Hello Heini ! Thanks for this great video. Most founders, especially in Africa, a market I am well-versed in, often overlook the crucial concept of scalability before presenting a pitch deck. This is highly important to consider when seeking to raise funds. It's interesting that you brought this up.
Maybe for a feature video because its something where i have diffuclties with. How to find people with the same pov on life. Or how did you meet those people? Love the video’s. Currently working hard to develop my prototype (and than hopefully my MVP)

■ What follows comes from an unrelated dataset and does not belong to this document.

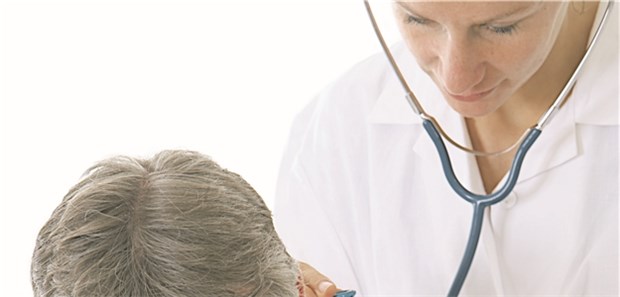 Ziel ist die COPD-Kontrolle Bei COPD-Patienten sollen die Symptome gelindert und die Belastbarkeit verbessert werden; Exazerbationen gilt es zu minimieren.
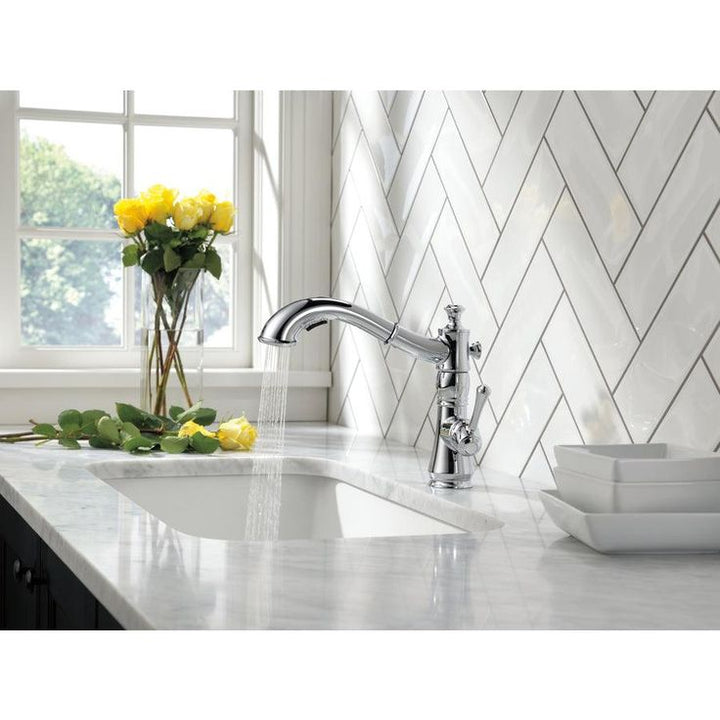 Delta Cassidy Chrome 1-Handle Deck-Mount Pull-Out Handle Kitchen Faucet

These are very good points... But I also feel many take on VC / investors when all they really needed to do was to pivot to stay in control (bootstrapped). I think some times seeking investment is the easy way out unless you are taking it to Vivino scale ;)
@@RawStartup I did tell them. The old man, well polished version of Al Pacino look alike, was very receptive. He is going to find Vino app. Correct me if I'm wrong: I told them the Vino app scans the bottles and tells you which is authentic wine depending on buyers preference (sweet or sour)
You say that you cannot scale time, because there is 24 hours in a day. But as the founder of an e-commerce consulting firm, I do have a dream to change the world to become more e-commerce minded, and I do need to scale my business if I want to change the world. Are you saying that this has to happen organically forever and ever, or will some size have a potential to raise money to scale?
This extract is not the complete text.